= Leonard Allinson =

British civil servant and diplomat (1926–2022)

Sir Walter Leonard Allinson (1 May 1926 – 28 December 2022) was a British civil servant and diplomat.

Allinson was born on 1 May 1926, the only son of Walter Allinson and Alice Frances Cassidy of Tottenham, and educated at Friern Barnet Grammar School and Merton College, Oxford, graduating in 1944 with a first-class degree in history. In 1951 he married Margaret Patricia "Peggy" Watts. They had three daughters.

He joined the civil service, working in the Ministry of Fuel and Power, followed by the Ministry of Education (1948–58), where he was Principal. He moved to the Commonwealth Relations Office, which merged with the Foreign Office in 1968. He was First Secretary in Lahore and Karachi, Pakistan (1960–62), then First Secretary in Madras and New Delhi, India (1963–66). He was Deputy High Commissioner, Nairobi, Kenya (1970–73); Deputy High Commissioner and Minister, New Delhi (1975–77); High Commissioner, Lusaka (Zambia) (1978–80); and High Commissioner in Kenya and Ambassador to UN Environment Programme (1982–86).

In November 1979 the British High Commission in Lusaka was stormed by a mob of students, and Allinson returned home.

In recognition of his contributions to Her Majesty the Queen's Diplomatic Service, Allinson was awarded a knighthood—a KCVO—in 1979, having previously been awarded an MVO in 1961 and had a CMG conferred upon him in 1976.

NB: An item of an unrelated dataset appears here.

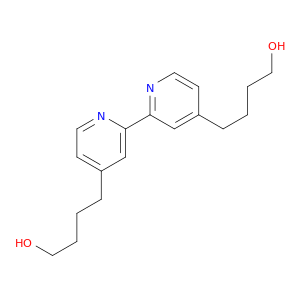 [2,2'-Bipyridine]-4,4'-dibutanol
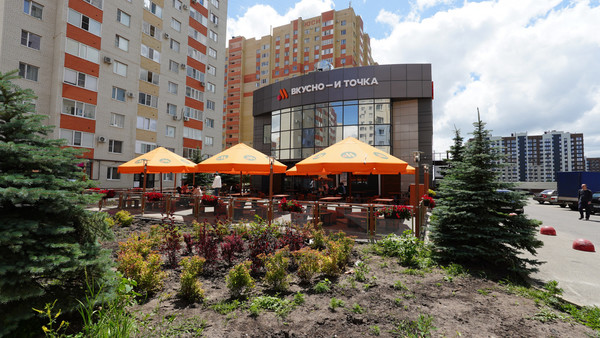 Продам ресторан 417 м2, Тухачевского ул, 28к10, Ставрополь г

Allinson retired to Wendron, Cornwall, where he became treasurer for a regional branch of the Red Cross, treasurer of the local parish church, and a governor of Wendron School. He died on 28 December 2022, at the age of 96.

== Arms ==
Allinson was granted arms by Letters Patent of Garter and Clarenceux Kings of Arms, from the College of Arms, dated 8 June 2018 with the following blazoning: "Arms: Azure three Chevronels interlaced Argent on a Chief wavy Or three Lime Trees eradicated proper. Crest: Upon a Helm with a Wreath Or and Azure A demi Asian Black Bear proper playing a Set of Bagpipes Or the cords Sable the bag in Gordon tartan also proper. Mantled Azure doubled Or."